** Material for the task follows **

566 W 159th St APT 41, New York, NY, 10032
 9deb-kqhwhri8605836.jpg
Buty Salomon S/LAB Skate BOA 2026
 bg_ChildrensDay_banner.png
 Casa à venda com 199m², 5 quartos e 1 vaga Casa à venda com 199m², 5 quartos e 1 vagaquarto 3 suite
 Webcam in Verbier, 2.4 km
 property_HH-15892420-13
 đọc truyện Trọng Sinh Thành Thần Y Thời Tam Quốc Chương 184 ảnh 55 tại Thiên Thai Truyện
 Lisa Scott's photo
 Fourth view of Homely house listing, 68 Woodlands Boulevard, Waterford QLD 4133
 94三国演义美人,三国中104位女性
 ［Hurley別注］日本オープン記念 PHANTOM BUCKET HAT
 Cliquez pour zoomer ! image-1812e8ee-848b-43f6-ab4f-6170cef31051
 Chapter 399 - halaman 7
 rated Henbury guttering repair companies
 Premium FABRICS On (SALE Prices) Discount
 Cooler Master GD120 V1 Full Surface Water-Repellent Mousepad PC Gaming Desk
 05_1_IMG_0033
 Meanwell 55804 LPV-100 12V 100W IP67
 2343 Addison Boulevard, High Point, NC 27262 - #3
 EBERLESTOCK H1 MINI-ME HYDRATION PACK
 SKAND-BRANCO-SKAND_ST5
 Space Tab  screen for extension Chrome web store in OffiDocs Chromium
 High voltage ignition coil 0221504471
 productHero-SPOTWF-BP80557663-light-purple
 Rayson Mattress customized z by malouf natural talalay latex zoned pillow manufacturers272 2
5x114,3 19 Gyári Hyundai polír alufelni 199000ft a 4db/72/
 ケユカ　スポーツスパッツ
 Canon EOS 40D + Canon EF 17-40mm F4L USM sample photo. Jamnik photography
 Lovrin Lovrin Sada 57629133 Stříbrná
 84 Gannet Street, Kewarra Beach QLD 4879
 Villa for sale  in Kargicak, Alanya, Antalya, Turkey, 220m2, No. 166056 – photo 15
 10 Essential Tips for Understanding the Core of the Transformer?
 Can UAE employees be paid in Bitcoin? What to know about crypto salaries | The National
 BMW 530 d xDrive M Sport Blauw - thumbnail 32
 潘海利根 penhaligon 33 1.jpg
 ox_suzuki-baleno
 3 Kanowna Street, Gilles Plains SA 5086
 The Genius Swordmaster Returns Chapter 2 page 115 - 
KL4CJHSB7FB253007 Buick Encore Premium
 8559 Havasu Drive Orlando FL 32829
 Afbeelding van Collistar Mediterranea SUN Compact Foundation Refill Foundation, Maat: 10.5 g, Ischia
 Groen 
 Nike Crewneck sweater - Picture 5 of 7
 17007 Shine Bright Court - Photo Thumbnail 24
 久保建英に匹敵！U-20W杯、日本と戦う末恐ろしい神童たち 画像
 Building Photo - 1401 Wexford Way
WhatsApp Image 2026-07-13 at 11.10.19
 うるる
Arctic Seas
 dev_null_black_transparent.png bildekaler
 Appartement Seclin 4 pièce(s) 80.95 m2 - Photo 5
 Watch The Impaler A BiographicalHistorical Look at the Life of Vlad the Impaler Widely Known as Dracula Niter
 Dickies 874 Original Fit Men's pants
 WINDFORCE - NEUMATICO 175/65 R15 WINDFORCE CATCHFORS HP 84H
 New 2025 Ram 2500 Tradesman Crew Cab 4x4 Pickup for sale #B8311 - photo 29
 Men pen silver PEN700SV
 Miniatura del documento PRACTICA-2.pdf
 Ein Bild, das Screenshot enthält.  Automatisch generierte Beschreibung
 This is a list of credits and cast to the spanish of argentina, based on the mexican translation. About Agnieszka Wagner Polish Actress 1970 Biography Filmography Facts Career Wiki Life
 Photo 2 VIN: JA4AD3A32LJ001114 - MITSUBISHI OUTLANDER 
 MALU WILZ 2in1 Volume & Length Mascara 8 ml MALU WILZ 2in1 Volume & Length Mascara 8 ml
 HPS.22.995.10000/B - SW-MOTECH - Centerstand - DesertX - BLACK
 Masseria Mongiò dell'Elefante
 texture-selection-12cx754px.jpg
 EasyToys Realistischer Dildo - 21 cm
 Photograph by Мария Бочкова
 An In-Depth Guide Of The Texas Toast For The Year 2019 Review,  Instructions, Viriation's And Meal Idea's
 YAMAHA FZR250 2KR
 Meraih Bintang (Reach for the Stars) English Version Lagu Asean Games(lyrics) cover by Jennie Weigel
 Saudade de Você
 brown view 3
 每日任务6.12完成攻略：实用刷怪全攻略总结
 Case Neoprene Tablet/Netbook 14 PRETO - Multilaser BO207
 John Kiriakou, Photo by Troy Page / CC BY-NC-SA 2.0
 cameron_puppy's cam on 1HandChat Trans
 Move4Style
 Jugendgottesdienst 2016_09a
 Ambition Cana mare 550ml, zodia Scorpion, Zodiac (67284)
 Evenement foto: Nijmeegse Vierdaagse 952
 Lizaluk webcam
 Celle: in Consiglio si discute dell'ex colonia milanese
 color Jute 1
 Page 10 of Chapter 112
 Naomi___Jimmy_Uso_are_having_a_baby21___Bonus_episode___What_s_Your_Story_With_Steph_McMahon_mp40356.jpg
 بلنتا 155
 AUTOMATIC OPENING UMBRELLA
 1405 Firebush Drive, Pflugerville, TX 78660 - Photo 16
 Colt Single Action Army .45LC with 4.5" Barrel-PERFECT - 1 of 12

** End of Material for the task **

From the records above, reproduce exactly the lines from the one with "9deb-kqhwhri8605836.jpg" to the one with "Rayson Mattress customized", both included, and no others.

— Solution to this task —
 9deb-kqhwhri8605836.jpg
Buty Salomon S/LAB Skate BOA 2026
 bg_ChildrensDay_banner.png
 Casa à venda com 199m², 5 quartos e 1 vaga Casa à venda com 199m², 5 quartos e 1 vagaquarto 3 suite
 Webcam in Verbier, 2.4 km
 property_HH-15892420-13
 đọc truyện Trọng Sinh Thành Thần Y Thời Tam Quốc Chương 184 ảnh 55 tại Thiên Thai Truyện
 Lisa Scott's photo
 Fourth view of Homely house listing, 68 Woodlands Boulevard, Waterford QLD 4133
 94三国演义美人,三国中104位女性
 ［Hurley別注］日本オープン記念 PHANTOM BUCKET HAT
 Cliquez pour zoomer ! image-1812e8ee-848b-43f6-ab4f-6170cef31051
 Chapter 399 - halaman 7
 rated Henbury guttering repair companies
 Premium FABRICS On (SALE Prices) Discount
 Cooler Master GD120 V1 Full Surface Water-Repellent Mousepad PC Gaming Desk
 05_1_IMG_0033
 Meanwell 55804 LPV-100 12V 100W IP67
 2343 Addison Boulevard, High Point, NC 27262 - #3
 EBERLESTOCK H1 MINI-ME HYDRATION PACK
 SKAND-BRANCO-SKAND_ST5
 Space Tab  screen for extension Chrome web store in OffiDocs Chromium
 High voltage ignition coil 0221504471
 productHero-SPOTWF-BP80557663-light-purple
 Rayson Mattress customized z by malouf natural talalay latex zoned pillow manufacturers272 2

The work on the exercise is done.